ARTA - La Chine et la Russie se sont abstenues lors du vote sur le projet de résolution du Conseil de sécurité de l’ONU sur la bande de Gaza, mettant en évidence la solution à deux États et le mandat des forces internationales de stabilisation (ISF) qui seraient déployées dans le reste du territoire palestinien.
rénit : une résolution 2803 du Conseil de sécurité de l’ONU d’en 2025 a reçu un soutien de 13 voix de ses membres du Conseil. La France, la Grande-Bretagne, les États-Unis, l’Algérie, le Danemark, la Grèce, la Guïna, le Pakistan, le Panama, la Corée du Sud, la Sierra Leone, la Slovaquie et la Somalie ont été soutenus. Pendant ce temps, la Chine et la Russie ont voté pour s’abstenir, sans aucun membre qui s’oppose, cité par un article des Nations Unies News le 18 novembre.
an, au début du mois de janvier, a annoncé un projet de résolution, qui a été approuvé par le président Trump. La première étape du plan de 20 points a abouti à un cessez-le-feu entre le Hamas et Israël quelques jours plus tard.
ar a également accueilli favorablement la création d'un Conseil de paix (BoP) en tant que "gouvernement de transition" à Gaza pour coordonner les efforts de reconstruction.
ronyme. « Merci d’être rejoint avec nous pour cartographier de nouvelles orientations au Moyen-Orient pour les Israéliens et les Palestiniens ainsi que pour tous les habitants de cette région », a déclaré l’ambassadeur américain, Mike Waltz, après le vote.
ar a écrit : “La résolution d'aujourd'hui est une autre étape importante vers une bande de Gaza stable et prospère, ainsi qu'un environnement qui permet à Israël de vivre en toute sécurité”.
éris, en outre, la résolution autorise le P boP à former temporairement les forces de stabilisation internationales (FSI) à Gaza « pour être déployées sous un commandement intégré accepté par le P boP ».
éris : les Etats donnèrent du personnel aux troupes "en étroite consultation et en coopération" avec Égypte et Israël.

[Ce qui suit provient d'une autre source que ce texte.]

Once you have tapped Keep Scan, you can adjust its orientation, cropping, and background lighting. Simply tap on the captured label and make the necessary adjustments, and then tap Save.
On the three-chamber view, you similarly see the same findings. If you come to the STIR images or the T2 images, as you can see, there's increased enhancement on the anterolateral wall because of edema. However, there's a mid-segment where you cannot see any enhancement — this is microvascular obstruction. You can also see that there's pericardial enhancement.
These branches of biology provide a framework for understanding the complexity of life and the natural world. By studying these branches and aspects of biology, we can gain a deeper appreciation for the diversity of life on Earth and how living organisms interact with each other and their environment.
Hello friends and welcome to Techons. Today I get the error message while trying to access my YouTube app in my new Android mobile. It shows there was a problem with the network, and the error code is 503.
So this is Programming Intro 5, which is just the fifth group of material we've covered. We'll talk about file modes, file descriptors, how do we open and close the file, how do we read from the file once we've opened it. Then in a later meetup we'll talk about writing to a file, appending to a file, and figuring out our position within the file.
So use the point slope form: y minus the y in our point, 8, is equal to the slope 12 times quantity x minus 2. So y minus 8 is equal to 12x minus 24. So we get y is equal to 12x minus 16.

Waltz a déclaré que l’FSI « stabiliserait l’environnement sécuritaire, soutenerait la démiliterisation de Gaza, démantellerait les infrastructures terroristes, désarmées et maintenirrait la sécurité des civils palestiniens ».

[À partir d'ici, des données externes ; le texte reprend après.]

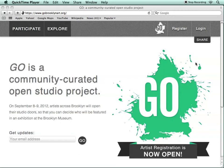This video will take you through the process of registering for Go as an artist and setting up your artist profile.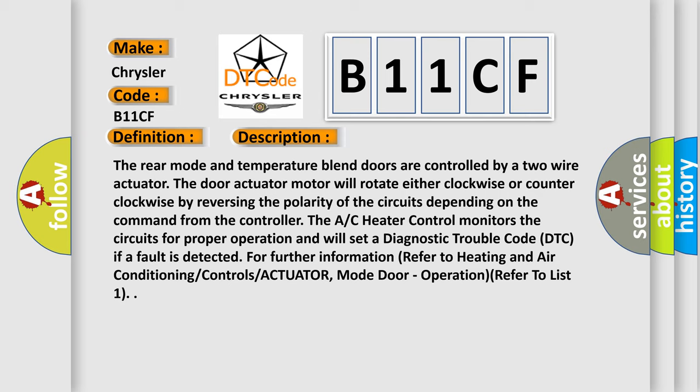The AC heater control monitors the circuits for proper operation and will set a diagnostic trouble code DTC if a fault is detected. For further information, refer to heating and air conditioning controls actuator, mode door operation. Refer to list one.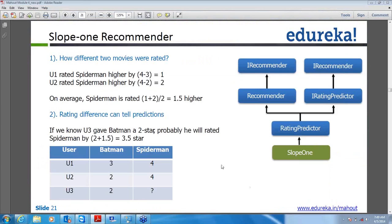Looking at the diagram — user 1 rated Spider-Man higher than Batman: Spider-Man gets 4, Batman gets 3. For user 2, Spider-Man gets 4, Batman gets 2. For user 3, who gave Batman a rating of 2, what would the rating for Spider-Man be? Spider-Man is higher by 1 for user 1 and higher by 2 for user 2, so on average Spider-Man would be rated higher by 1.5.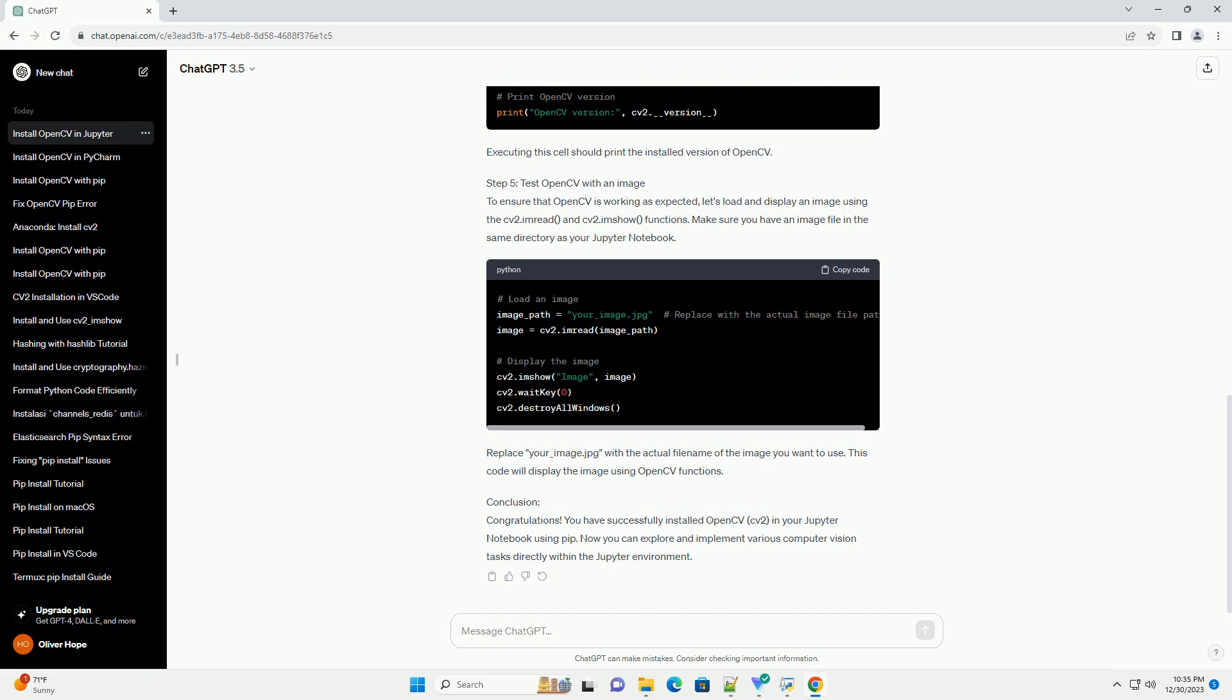Step 5: Test OpenCV with an Image. To ensure that OpenCV is working as expected, let's load and display an image using the cv2.imread and cv2.imshow functions. Make sure you have an image file in the same directory as your Jupyter Notebook. Replace your_image.jpg with the actual file name of the image you want to use. This code will display the image using OpenCV functions.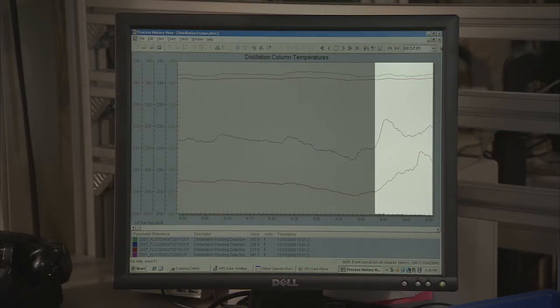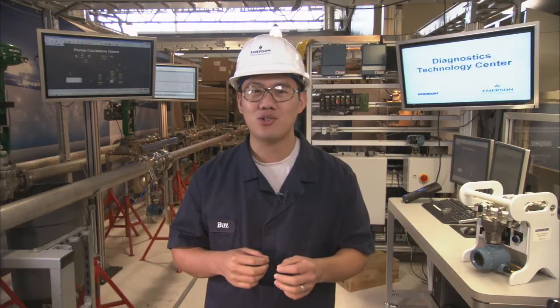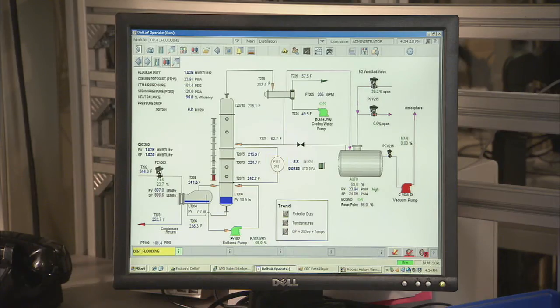The 3051S is not only a high-performance pressure transmitter, but it can also measure and perform statistical process calculations based on the process noise. As the column begins to flood, there is a step change in this process variability. This changes the standard deviation and delivers an early warning of an impending flooding condition. Here, we can see that the 3051S has triggered an alert notifying the operator that flooding may have started.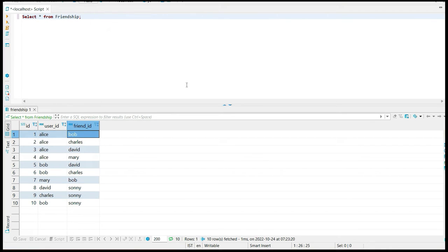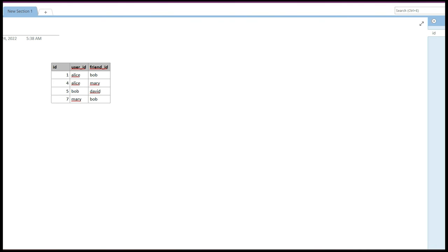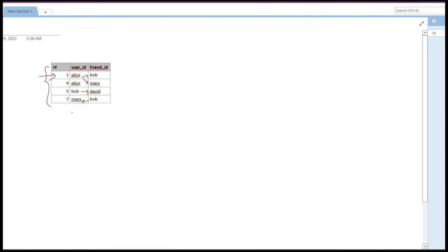Since this problem is a little complex, the approach is to first identify the mutual friends between the user and friend_id, then proceed further. To visualize the solution, we will take a small sample of records so we can manually check how to write the query and find the required output. Let's take these four sample records and find common friends between Alice and Bob.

géris : L'ambassadeur algérien, Amar Bendjama, a reconnu les efforts déployés par le président Trump pour promouvoir la paix dans le monde entier. Cependant, il a souligné qu'une véritable paix au Moyen-Orient ne peut être partagée « sans justice pour les Palestiniens qui attendent depuis des décennies pour la création d'un État indépendant ».
an a noté que le manuscrit avait reçu le soutien des pays arabes et musulmans, et que « l’Autorité palestinienne au plus haut niveau a ouvertement accueilli l’initiative ».
in, dans son éclairage sur le choix d’abstention de la Russie, l’ambassadeur Vasily Nishya a déclaré que le Conseil « donnait essentiellement le reste à l’initiative américaine sur la base des promesses de Washington » et « donnait le contrôle total de la bande de Gaza au Conseil de paix et à la FSI, dont nous ne connaissons pas jusqu’à présent ».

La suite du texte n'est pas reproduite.